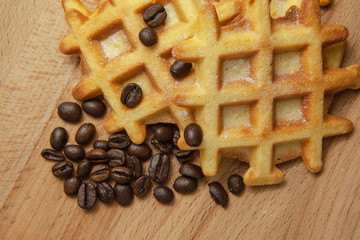 Tasty fresh Vienna wafers, grain coffee on a wooden background, close-up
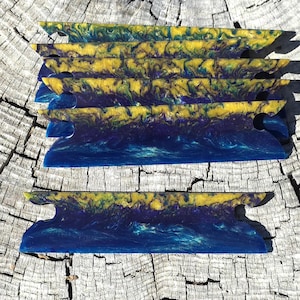 May include: A set of six flat, rectangular resin dividers featuring a marbled pattern of deep blue, dark purple, and bright yellow. Each divider has a notched design on both sides, creating a distinct shape with a smooth, glossy finish.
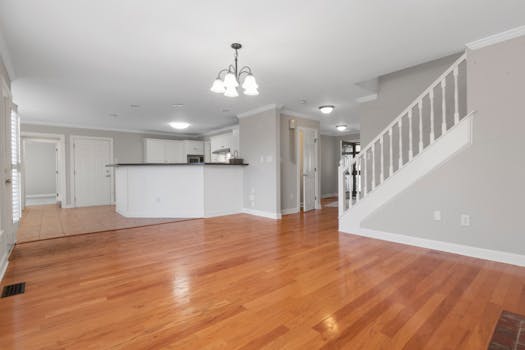Bright and airy open floor plan with hardwood flooring and white kitchen cabinets.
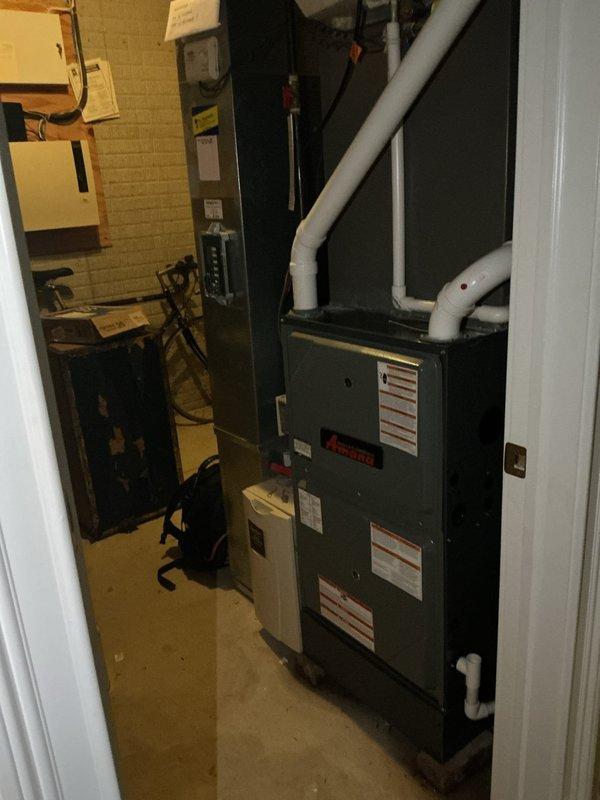 Completed comprehensive cooling maintenance on aging HVAC system as part of ongoing preventive maintenance program. Performed full system inspection of furnace and air conditioning components in basement mechanical room, verified operational parameters, and documented temperature differential readings of 25.4 degrees, indicating proper cooling performance. All equipment photographed and confirmed to be functioning within manufacturer specifications for continued reliable operation.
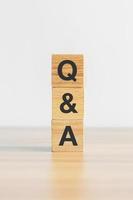 Questions and Ask word with wood block on table background. FAQ, frequency asked questions, Answer, Q and A, Information, Communication, questionnaire and Brainstorming Concepts photo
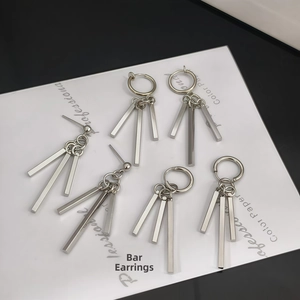 Macro detail of silver geometric square bar pendants on industrial style steel earrings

* **What you need to do**
Copy every line of the listing above exactly. Leave each picture out.

* **Answer to this task**
 Tasty fresh Vienna wafers, grain coffee on a wooden background, close-up
 May include: A set of six flat, rectangular resin dividers featuring a marbled pattern of deep blue, dark purple, and bright yellow. Each divider has a notched design on both sides, creating a distinct shape with a smooth, glossy finish.
Bright and airy open floor plan with hardwood flooring and white kitchen cabinets.
 Completed comprehensive cooling maintenance on aging HVAC system as part of ongoing preventive maintenance program. Performed full system inspection of furnace and air conditioning components in basement mechanical room, verified operational parameters, and documented temperature differential readings of 25.4 degrees, indicating proper cooling performance. All equipment photographed and confirmed to be functioning within manufacturer specifications for continued reliable operation.
 Questions and Ask word with wood block on table background. FAQ, frequency asked questions, Answer, Q and A, Information, Communication, questionnaire and Brainstorming Concepts photo
 Macro detail of silver geometric square bar pendants on industrial style steel earrings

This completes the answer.